When asked to reflect on the moment that mattered most, she points to the 2020 to 2022 period, when global supply chains and demand patterns were thrown into extreme volatility.
The challenge was not simply marketing. It was maintaining brand relevance while navigating product shortages, shifting demand, and strained partner relationships.
Keeping the business and brand stable during that period required resilience, coordination, and strong relationships across the regional ecosystem.
For Karam, successfully guiding the MEA marketing and business strategy through that environment stands out as a defining moment.
The achievement she values most
When the conversation turns to success, Karam does not point to a campaign or product launch.
Instead, she talks about people.
The achievement she values most is building a long-tenure, multicultural team in an industry known for high turnover.

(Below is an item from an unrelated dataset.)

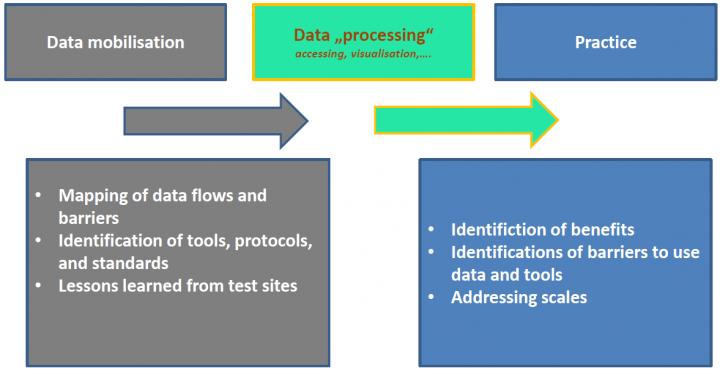 Simplified Workflow -- Data Mobilization to Practice [IMAGE ...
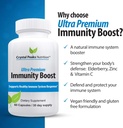 lung-health-and-immunity-system-support--5.jpg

Maintaining a consistent group of marketers who understand the complexity of the region is rare in technology companies.
The difference, she believes, comes from empowerment and investment in local talent.
A stable team creates institutional memory, cultural understanding, and operational consistency across a diverse region.
Learning to localise global campaigns
Not every campaign works equally well across markets.
Asked about a failure that carried real consequences, Karam describes moments when global creative assets proved too universal in tone and failed to resonate with specific MEA audiences.
In those cases, campaigns could feel disconnected from local realities, sometimes weakening partner confidence and wasting marketing spend.
The adjustment was pragmatic.
Global creative assets remain the foundation, but the regional team now applies deliberate cultural adaptation layers before deployment. The goal is to retain global consistency while ensuring local relevance.
The decision that changed her career
When asked about the most important decision she made, Karam returns to a moment earlier in her career.
Accepting an internal role relocation from Lebanon to a Middle East headquarters in Dubai was not an obvious or comfortable move. It meant relocating without family support and stepping into broader responsibilities across marketing and sales.
In hindsight, the move changed the trajectory of her career.
It shifted her focus from managing product lifecycles to shaping the strategic narrative of a global brand across a complex regional landscape.
Why she does not believe in “wrong decisions”
Finally, asked about the worst decision she has made, Karam reframes the premise.
She does not describe her career in terms of mistakes or wrong turns. Instead, she sees difficult periods as catalysts for adjustment.
Challenges force a different kind of thinking. They require listening more carefully, adapting faster, and adjusting strategies when necessary.
Over time, that habit of learning, listening, and recalibrating has become what she describes as her personal formula for maintaining a growth mindset.